During my first years in the city, I would learn much more about passing, for I also came to New York to undergo another kind of transition. It was here that I made the passage from female to male, living a queer and transgender life in the days long before Caitlyn Jenner made the cover of Vanity Fair and trans athletes starred in Nike commercials. This book is not that story, but it bears mentioning because it is inevitably intertwined. Every person views the city through a prism of personal experience and, as different as all those prisms may be, for a long time, New York was able to accommodate every type. The city made space for all varieties and combinations. Queer and trans culture is one facet of my prism. So is poetry and literature—another pursuit that brought me to New York—and, later, a career in psychoanalysis. All of it informs my approach to the city. So does the working-class ethnic culture from which I come, mostly Italian, but also Irish dosed with Jewishness by close association (my Irish Catholic father, raised in a Jewish neighborhood, worked the rag trade, a schmatta salesman with a Hebrew Chai dangling from a gold chain around his 1970s neck).

I came to New York because I needed the city, and New York is for people who need cities, for those who cannot function outside of one. Open and permissive, insulating you with the sort of anonymity you can't find in a small town or suburb, the city allows us to expand, experiment, and become our truest selves. In the New York of the early 1990s, there was no better place to perform that labor than the East Village.

For over a century, the East Village provided an uncommon space. It was, among other things, a long-sought-after refuge for those who never quite felt at home anywhere else. Reclusive misanthropes and creative exhibitionists, builders of junk towers and makers of psychedelic gardens, poets, punks, and queers, activists and anarchists, dominatrices and drug addicts, graffitists, nudists, and underground cartoonists all found a home in the East Village. A barricade of deviance and grit kept much of the straight world out, protecting the neighborhood's unconventional character.

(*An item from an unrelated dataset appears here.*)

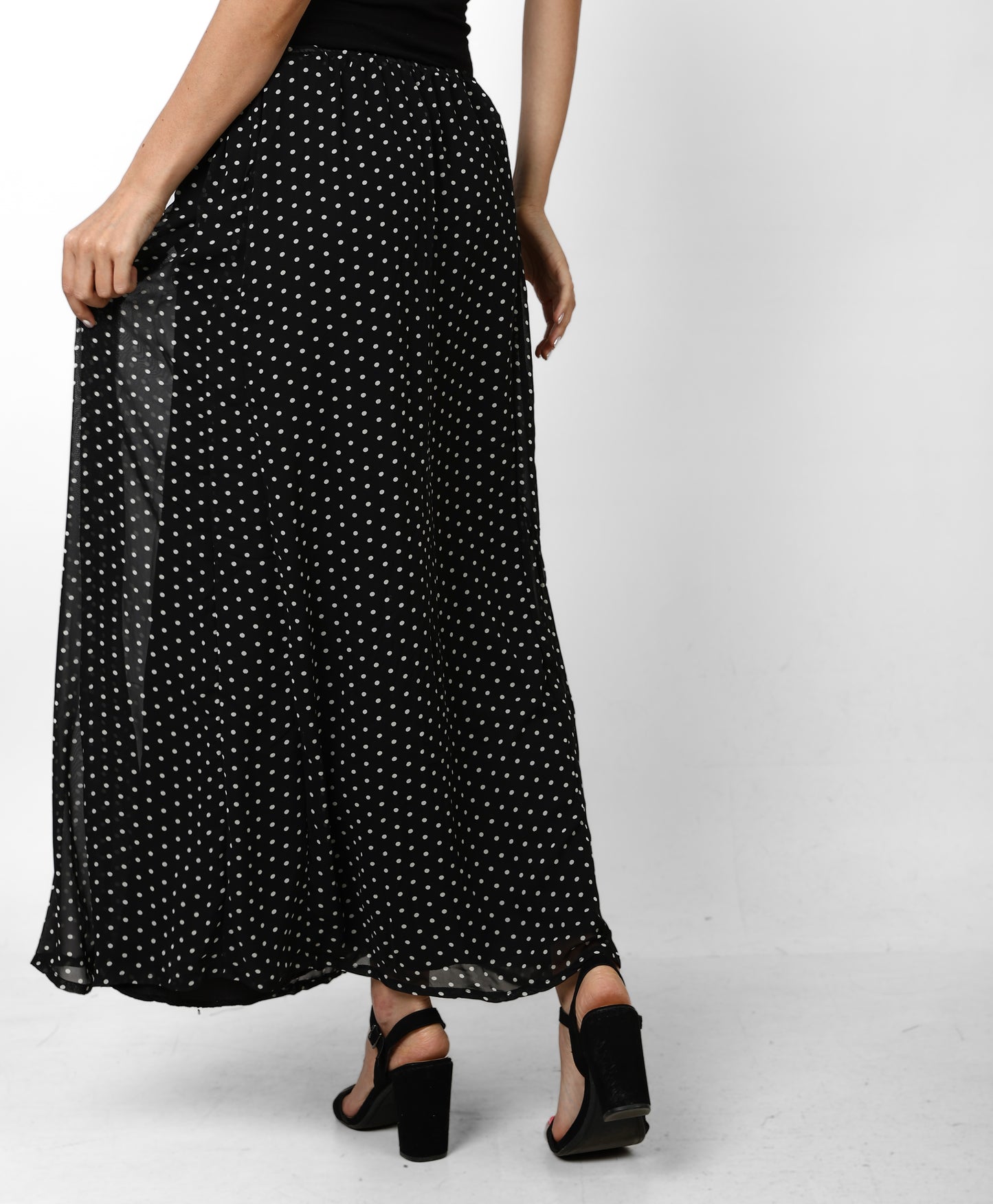 MIDI POLKA DOTS SKIRT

But at the end of the twentieth century, the East Village was invaded, its territory seized, and those of us who'd found our first true home between Astor Place and the East River were displaced. For many, that displacement was physical, one kind of eviction or another. For many more, the displacement has been emotional, a jarring dislocation of the psyche.

***

The East Village was not always the East Village. The neighborhood east of Bowery and bookended by Houston Street and 14th was simply the northernmost section of the Lower East Side until the early 1960s, when it was carved out and renamed to sound more like its fancier neighbor to the west. The New York Times dates the origin of "East Village" to 1964. In that year, the guidebook Earl Wilson's New York reported: "artists, poets and promoters of coffeehouses from Greenwich Village are trying to remelt the neighborhood under the high-sounding name of 'East Village.'" Beatniks, following the likes of Allen Ginsberg, had moved east years earlier, pushed out of Greenwich Village by rising rents after World War II. Willem de Kooning and other Abstract Expressionist painters came in the early 1950s, followed by galleries. The real estate industry, smelling a trail of money flowing eastward from the Village proper, took the name "East Village" and ran with it in those first days of proto-gentrification.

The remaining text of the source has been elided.